* Task requirements
Keep images out and repeat all data exactly.
-------- Records to process
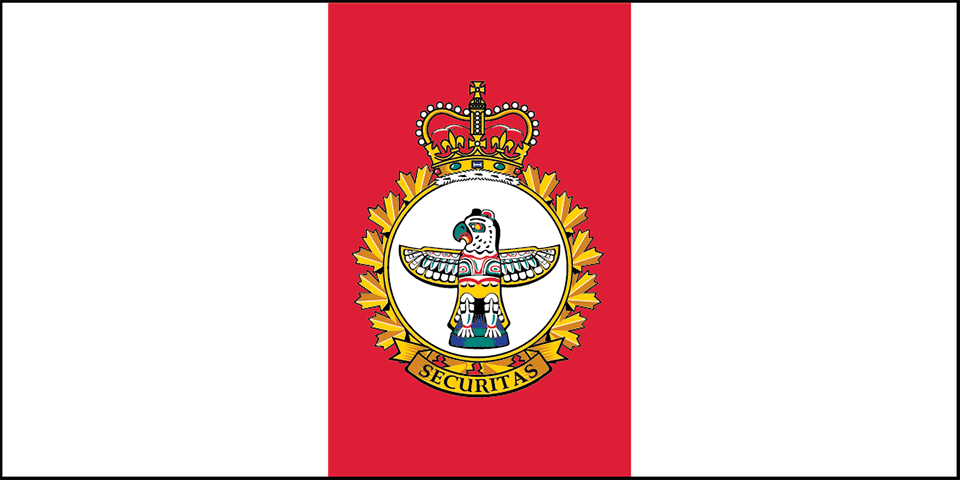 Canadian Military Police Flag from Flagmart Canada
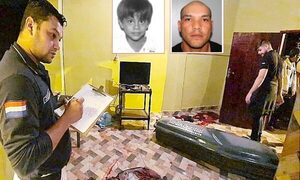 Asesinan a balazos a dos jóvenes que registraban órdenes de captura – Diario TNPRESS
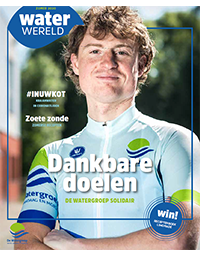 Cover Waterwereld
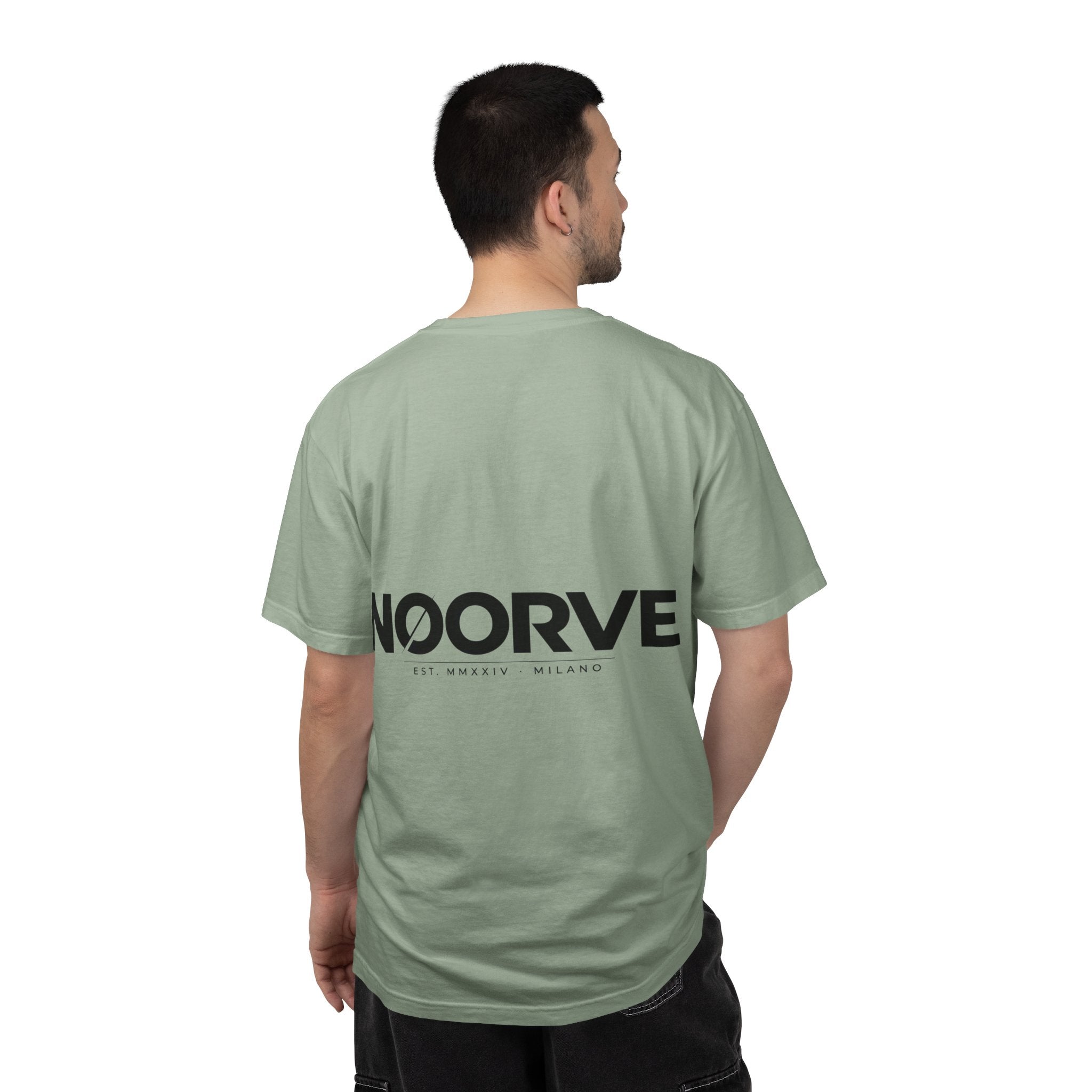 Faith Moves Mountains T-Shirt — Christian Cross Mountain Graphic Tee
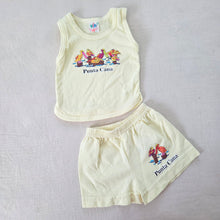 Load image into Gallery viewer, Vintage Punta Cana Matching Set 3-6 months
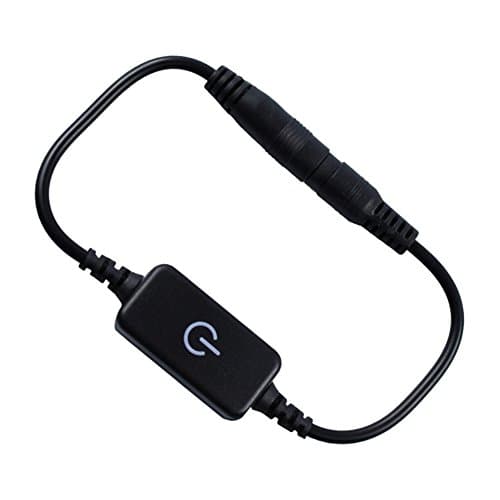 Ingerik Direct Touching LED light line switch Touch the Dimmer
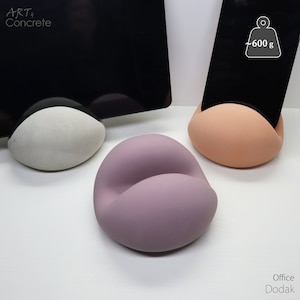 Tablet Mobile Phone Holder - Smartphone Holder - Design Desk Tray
----------------
* Solution
 Canadian Military Police Flag from Flagmart Canada
 Asesinan a balazos a dos jóvenes que registraban órdenes de captura – Diario TNPRESS
 Cover Waterwereld
 Faith Moves Mountains T-Shirt — Christian Cross Mountain Graphic Tee
 Load image into Gallery viewer, Vintage Punta Cana Matching Set 3-6 months
 Ingerik Direct Touching LED light line switch Touch the Dimmer
 Tablet Mobile Phone Holder - Smartphone Holder - Design Desk Tray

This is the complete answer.